10 Eylül 2011 Cumartesi

Tam ortasındaydık hayatın...

40 yaşıma girmeye günler var ve ben kendimi başka bir ruh hali içinde buldum. Uzunca düşündükten sonra da bunun orta yaş bunalımı olduğuna karar verdim.

Burası öyle bir nokta ki, bu ana kadar sizin için belirsiz olan hedefler, toplumun çizdiği sahneler netlik kazanırken sizin için çok daha belirli olan olaylar ise belirsizlik haline giriyor. Karışık ama açıklayacağım şimdi.

Yani 20'li yaşlarımı düşünüyorum mesela, kariyer hedeflerim vardı, evlenecek miyim, çocuk sahibi olacak mıyım gibi sorularım vardı kafamda, kuracağım yeni hayat önümde uzanıyordu. Hepsi belirsiz birer hedef halinde havada uçuşuyorlardı. Yani, daha çok gelecekte yaşıyor gibiydim. O zamanki halimi tanımlamam gerekirse, gerçek hayatıma hazırlık yapıyor gibi hissediyordum kendimi.

Şu ana baktığım zaman ise, bunların hepsi bir raya oturdu. Kariyer olarak nereye gelebileceğim konusu netlik kazandığı gibi emekli hayatına (evet, bu konuda biraz şanslı hissediyorum kendimi) da geçiş yaptım. Kiminle evleneceğimi artık merak etmiyorum, zira 10 yıllık evli ve 1 çocuk sahibiyim. Dediğim gibi, Bundan 20 sene önce benim için belirsiz birer yol çizgisi olan her şey bugün artık belirli.

Ancak ne mutlu ki, bu anlamda hayatın sonuna ermedim, yani unumu eleyip eleğimi asma durumunda değilim. Ortalama ömür beklentisinin uzadığı bu yakın çağda, yaklaşık olarak bir bu yaşadığım kadar daha yaşayacağımızı var sayıyoruz.
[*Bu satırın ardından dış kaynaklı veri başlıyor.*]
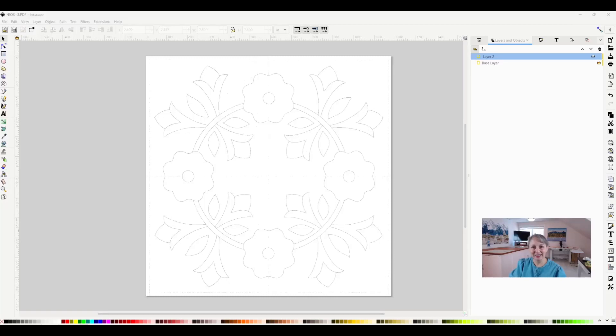Hi, I'm Jamie Davis, and in today's video I want to show you how to group and ungroup objects in Inkscape.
Bu noktada orta yaş krizi bir metamorfoz anlamına geliyor, her doğum gibi sancılarını içinde barındırıyor. Bir kere yol belli değil. Bu dönem için çizili belirgin bir patika yok. Bu da arayan insana KİM olduğunu anlayabilmek için sunulan bir fırsat.

Ben aslında ne yapmak istiyorum?
Nelerden hoşlanıyorum?
Önümdeki 40 yılda neler yapmak istiyorum?

Tabii kantarın topuzunu terse kaçırıp bu defa da geçmişte yaşamak tuzağına kapılabilir insan, ya da bu kaygılardan yola çıkıp çocukları için planlar yaparak yeniden geleceğe döndürebilir gözünü. Çocuk sahibi olmak konusundaki geçmiş çalışmalarım beni "artık çocuklarım için yaşayacağım" tuzağından kurtarsa da gençlik hayallerimdeki kariyer hedeflerim ya da iş hayatındaki başarılarım beni geçmiş hesaplaşmalarına yakınlaştırıyor zaman zaman. Şu sıralar beni Para ile ilgili çalıştıran üstben'im iş yaşamı kulvarından geçerek bu konu üzerine eğilmemi istiyor sanırım.

Yine de hayatın bu tam orta noktasını AN'da yaşamak için bir fırsat olarak görüyorum. Geleceğe fazla takılmadAN, geçmişe fazla saplanmadAN, tam olarak AN'da...

Hiç yorum yok:

Yorum Gönder

Related Posts Plugin for WordPress, Blogger...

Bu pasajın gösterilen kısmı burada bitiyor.